"Y Control" is a single by Yeah Yeah Yeahs, from their debut album Fever to Tell. The name of the song refers to the emotional control of a female, referring to the male Y chromosome, and can also be read as a reference to Prince's 1995 song "Pussy Control," which is frequently abbreviated as "P Control." The song's music video was controversial for its disturbing imagery; nonetheless, it received some play on MTV and its sister station, MTV2. The song is part of the soundtrack of the 2009 video game Dirt 2.

Critical reception
The song was met with universal acclaim upon its release, with many critics noting it as one of the album's highlights.
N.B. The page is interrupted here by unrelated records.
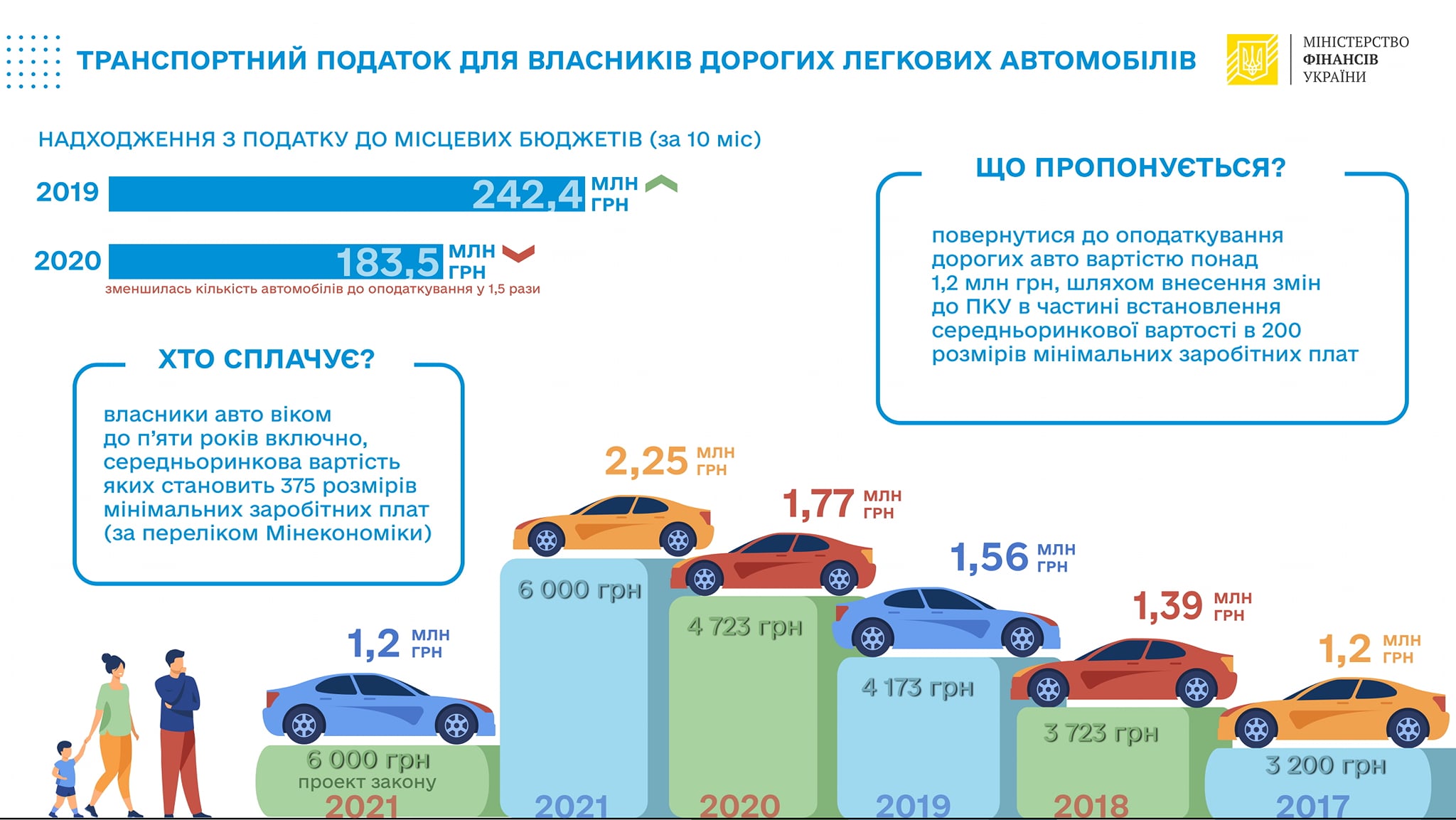 Инфографика о транспортном налоге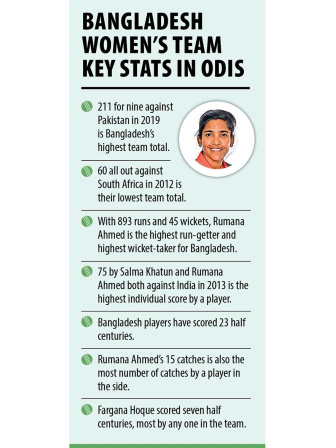 womens-cricket-trsm.jpg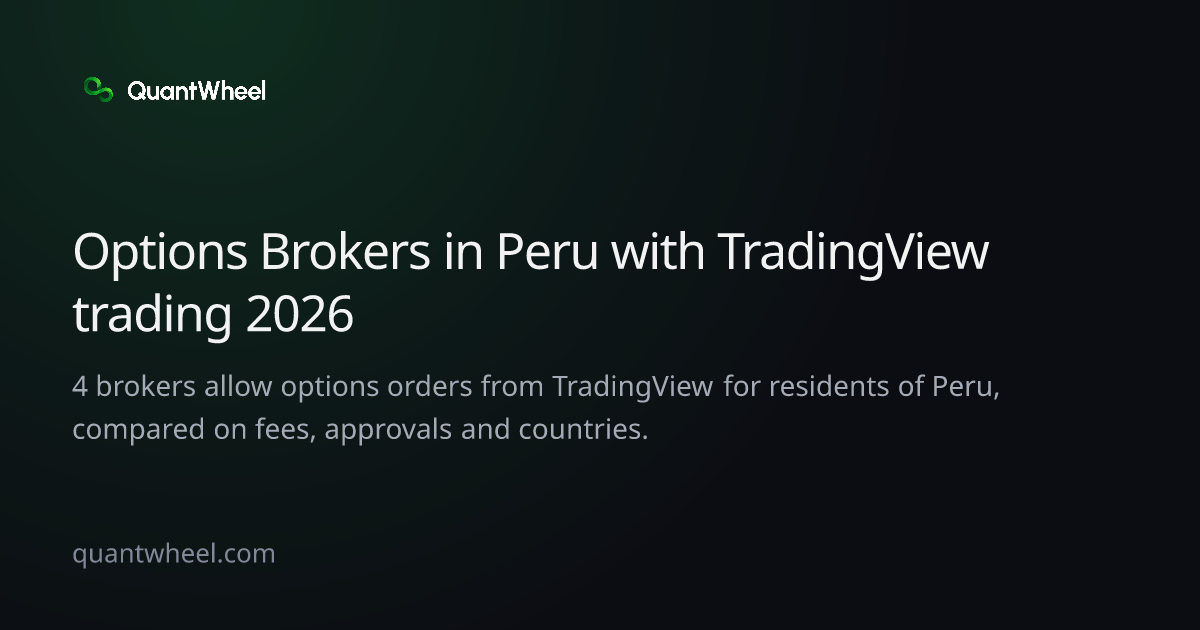 The share card of Options brokers in Peru with TradingView trading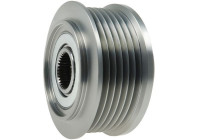 Roue libre dynamo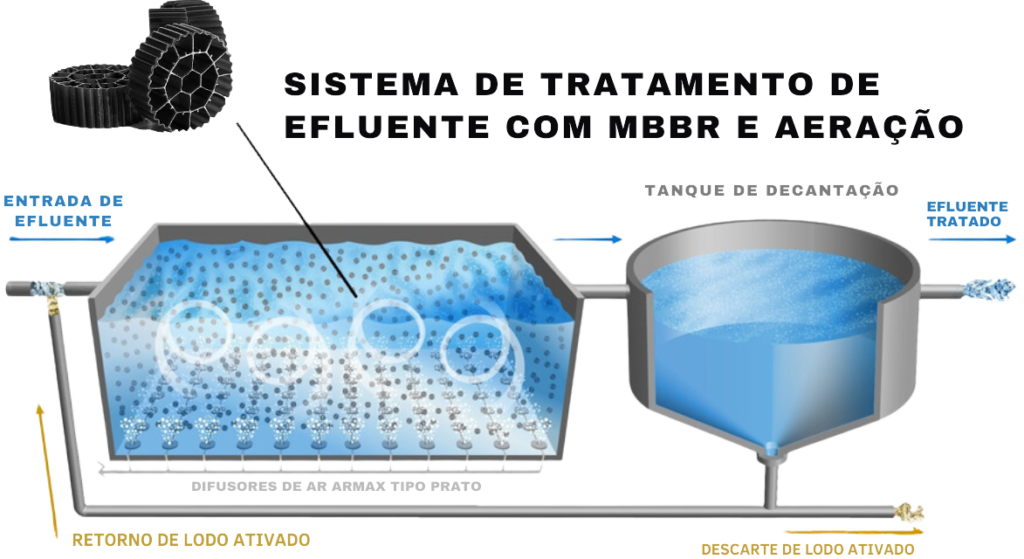 Sistema de Desnitrificação de efluente eutrofizado ou contaminada utilizando aeração e biomidia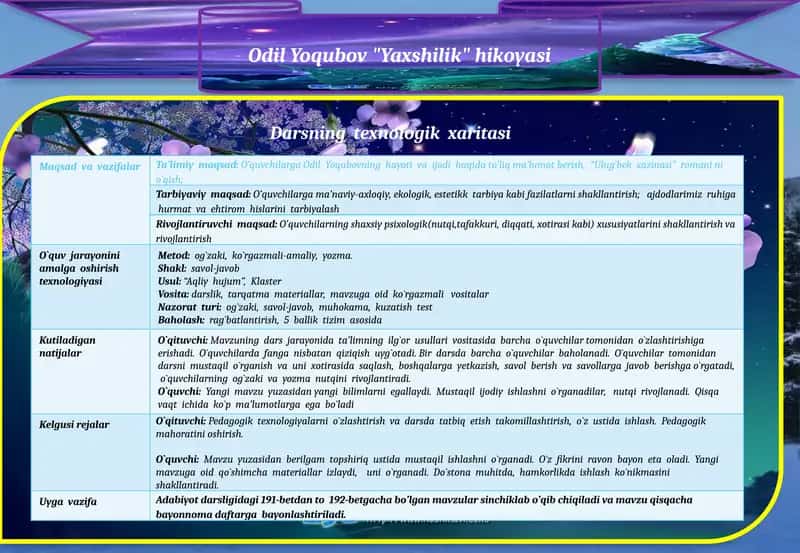 "Yaxshilik" hikoyasi 1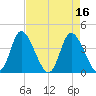 Little River Inlet tide chart for Sunday, April 16, 2023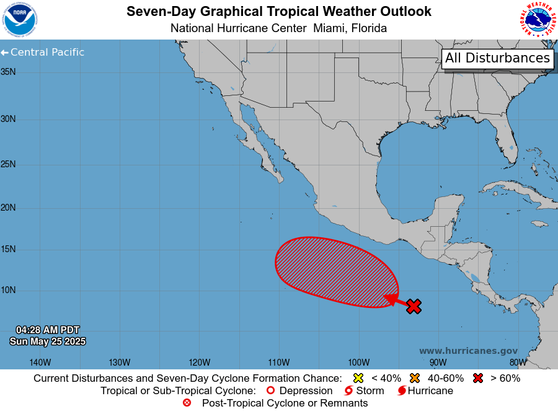 ZCZC MIATWOEP ALLTTAA00 KNHC DDHHMMTropical Weather OutlookNWS National Hurricane Center Miami FL500 AM PDT Sun May 25 2025For the eastern North Pacific...east of 140 degrees west longitude:1. South of the Southern Coast of Mexico:A disorganized area of showers and thunderstorms is located several hundred miles south of the southern coast of Mexico. Conditions appear favorable for additional development, and a tropical depression is likely to form in a few days while the system moves westward to west-northwestward at around 10 mph.* Formation chance through 48 hours...low...10 percent.* Formation chance through 7 days...high...80 percent.Forecaster Hagen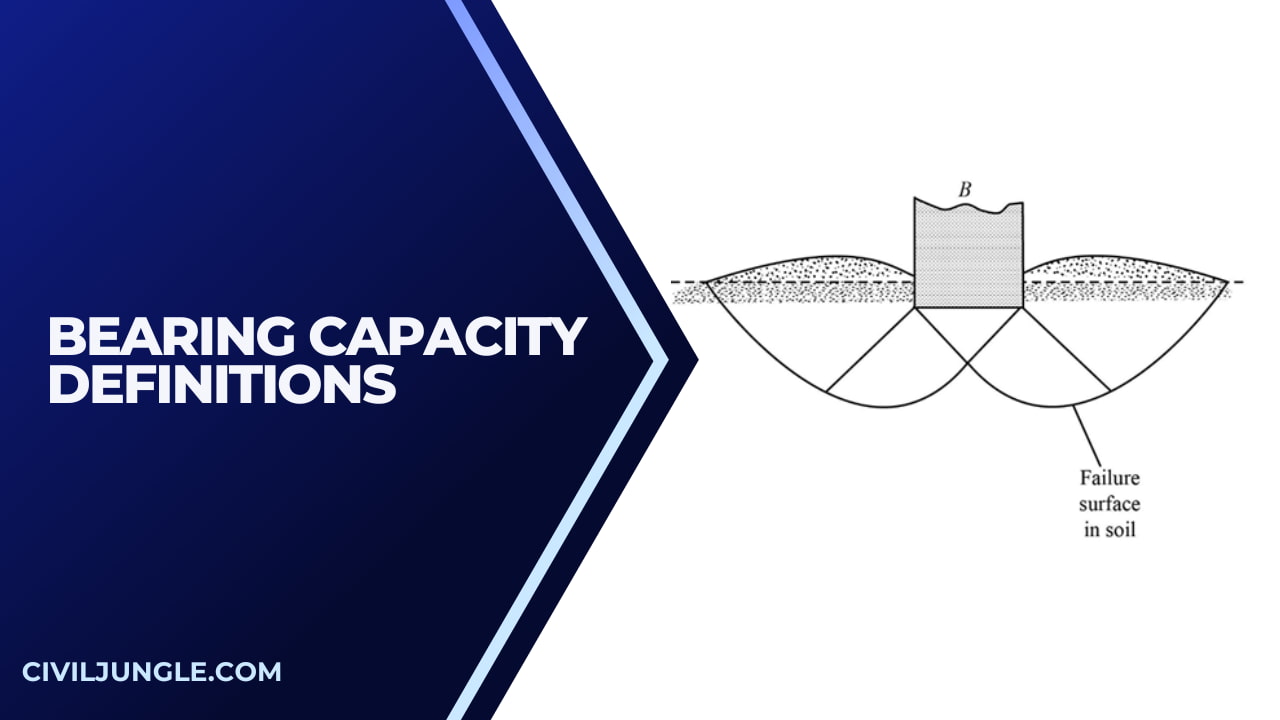 Bearing Capacity Definitions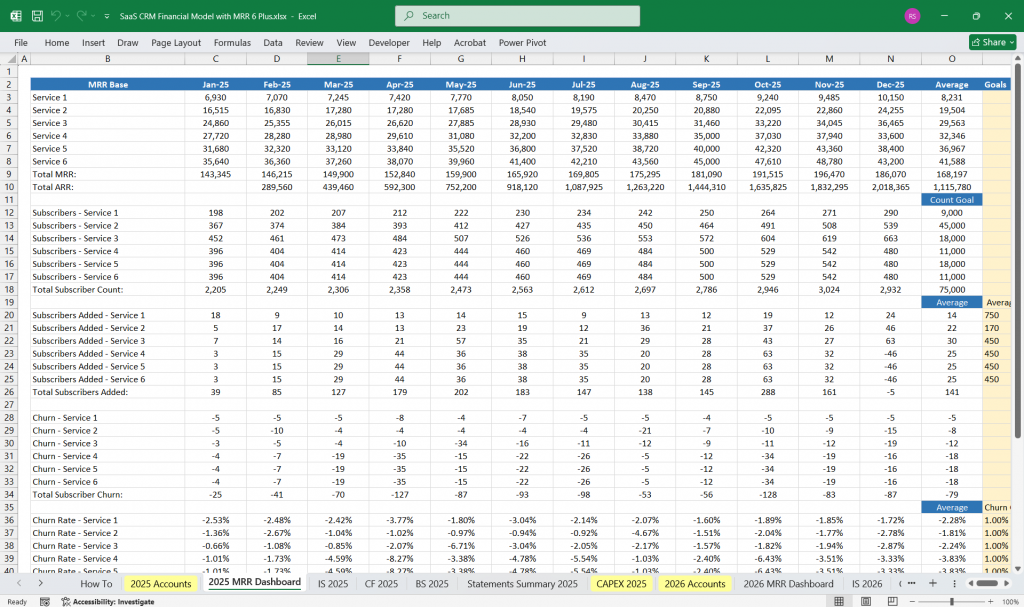 Subscription Revenue Template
Pitchfork Media listed "Y Control" as the 213th best song of the decade.

Music video
The music video for "Y Control", directed by Spike Jonze, was controversial for its images of children carrying the body of a dead dog, giving the middle finger, and a subtitled portrayal of child mutilation including the chopping of a boy's hand and another boy disemboweling himself with a knife. MTV and MTV2 agreed to air the video; however, they included a disclaimer from Jonze at the beginning, and blurred out some of the video's more offensive material. The unedited version is available on their "Tell Me What Rockers to Swallow" DVD.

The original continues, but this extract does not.